The material below holds the lines to copy: from the one with "24 Pack Fairy" up to and including the one with "Bastet Ägyptische Göttin". Copy them exactly and skip the pictures.

• Entries shown:
^^^^^^^^^^^^^^^^

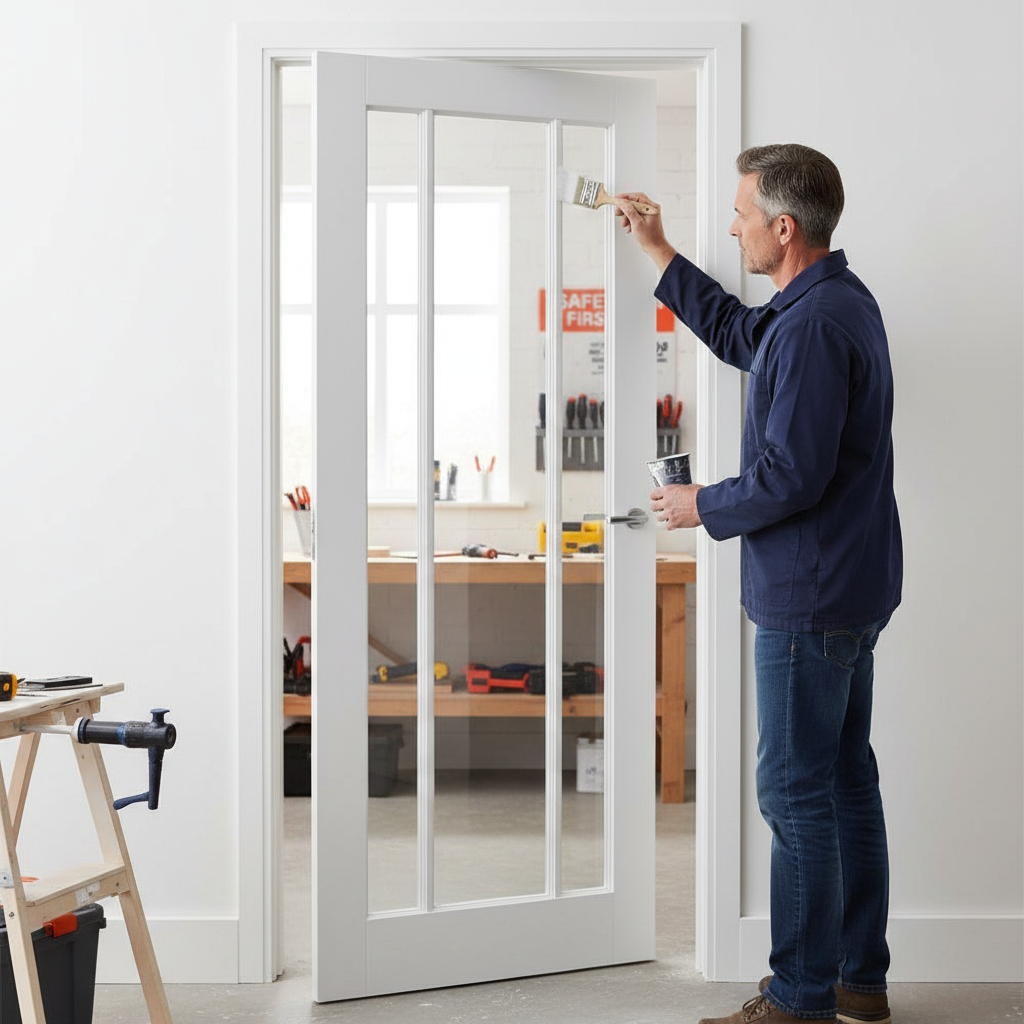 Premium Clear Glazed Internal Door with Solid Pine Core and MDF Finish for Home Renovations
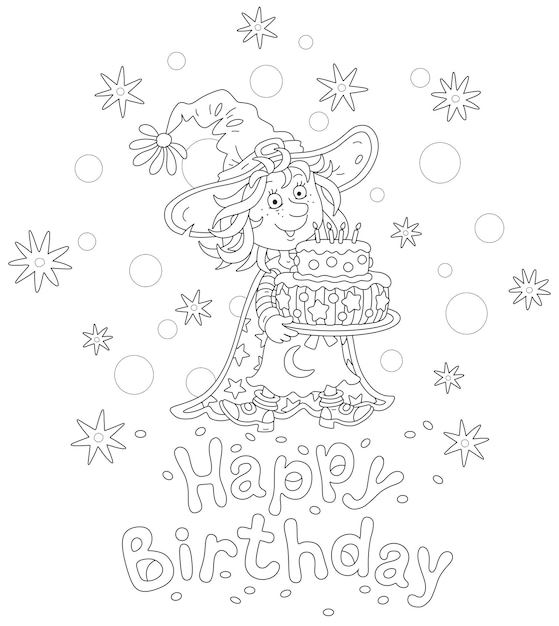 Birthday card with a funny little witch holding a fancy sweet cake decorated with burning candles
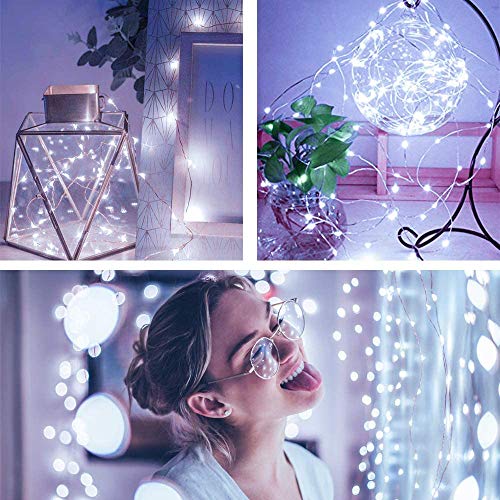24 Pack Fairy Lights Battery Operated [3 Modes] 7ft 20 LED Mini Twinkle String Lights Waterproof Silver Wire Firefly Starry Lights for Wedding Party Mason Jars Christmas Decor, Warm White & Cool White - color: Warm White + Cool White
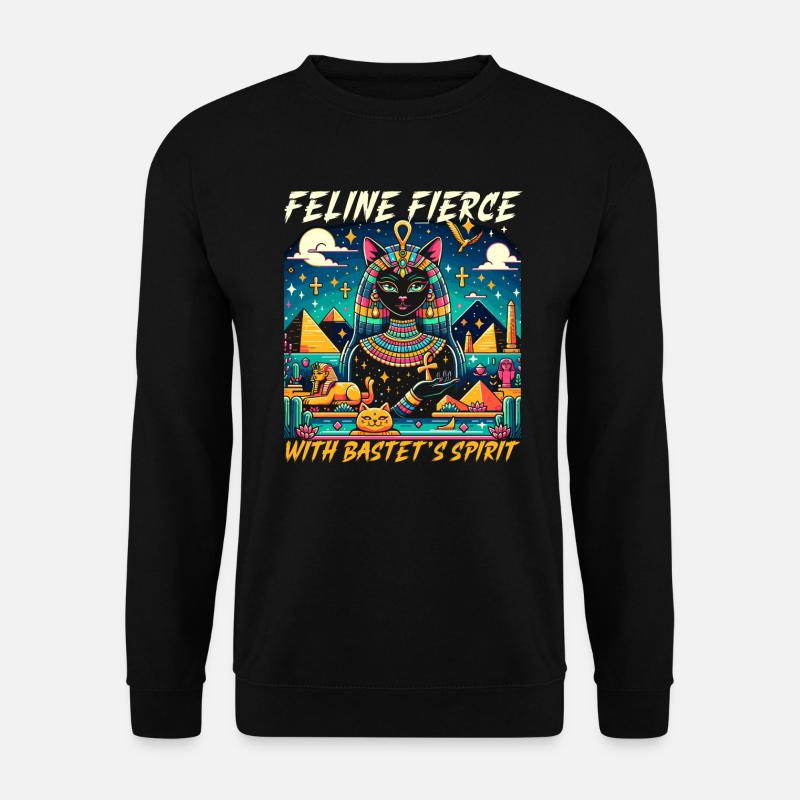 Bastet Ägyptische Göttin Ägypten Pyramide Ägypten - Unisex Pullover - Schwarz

^^^^^^^^^^^^^^^^

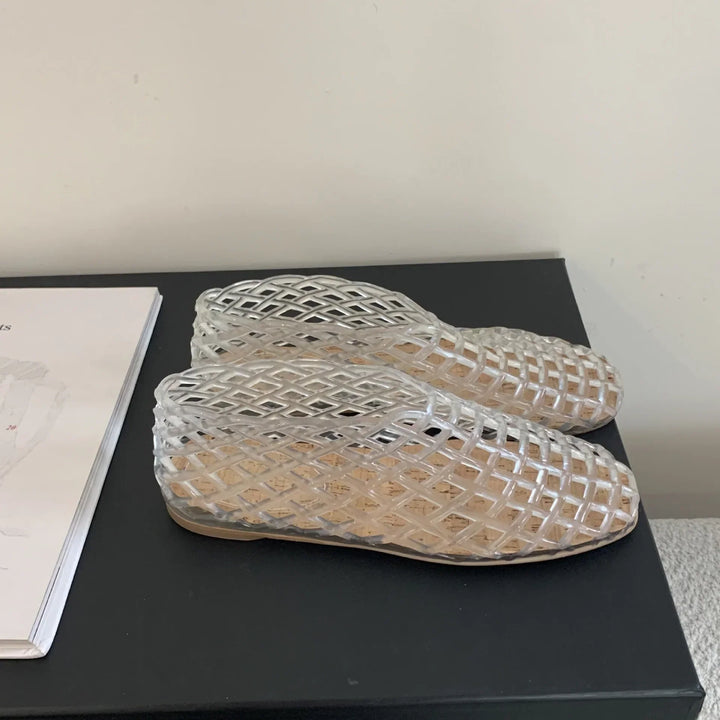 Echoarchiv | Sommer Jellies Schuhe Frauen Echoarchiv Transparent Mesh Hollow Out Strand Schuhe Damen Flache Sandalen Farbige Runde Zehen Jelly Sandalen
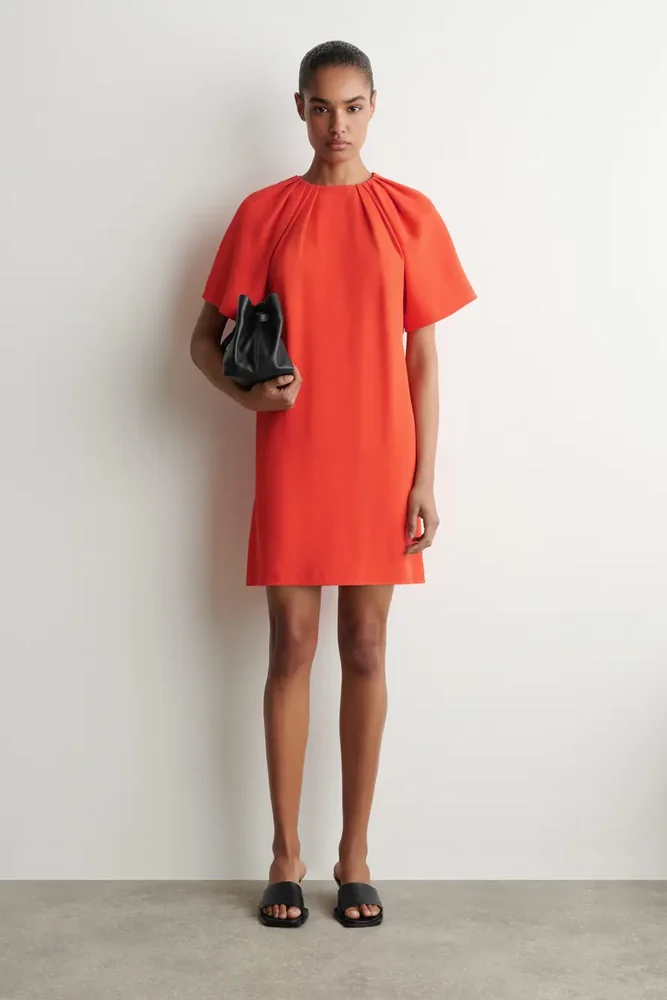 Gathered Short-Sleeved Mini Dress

^^^^^^^^^^^^^^^^

• Finished task:
24 Pack Fairy Lights Battery Operated [3 Modes] 7ft 20 LED Mini Twinkle String Lights Waterproof Silver Wire Firefly Starry Lights for Wedding Party Mason Jars Christmas Decor, Warm White & Cool White - color: Warm White + Cool White
 Bastet Ägyptische Göttin Ägypten Pyramide Ägypten - Unisex Pullover - Schwarz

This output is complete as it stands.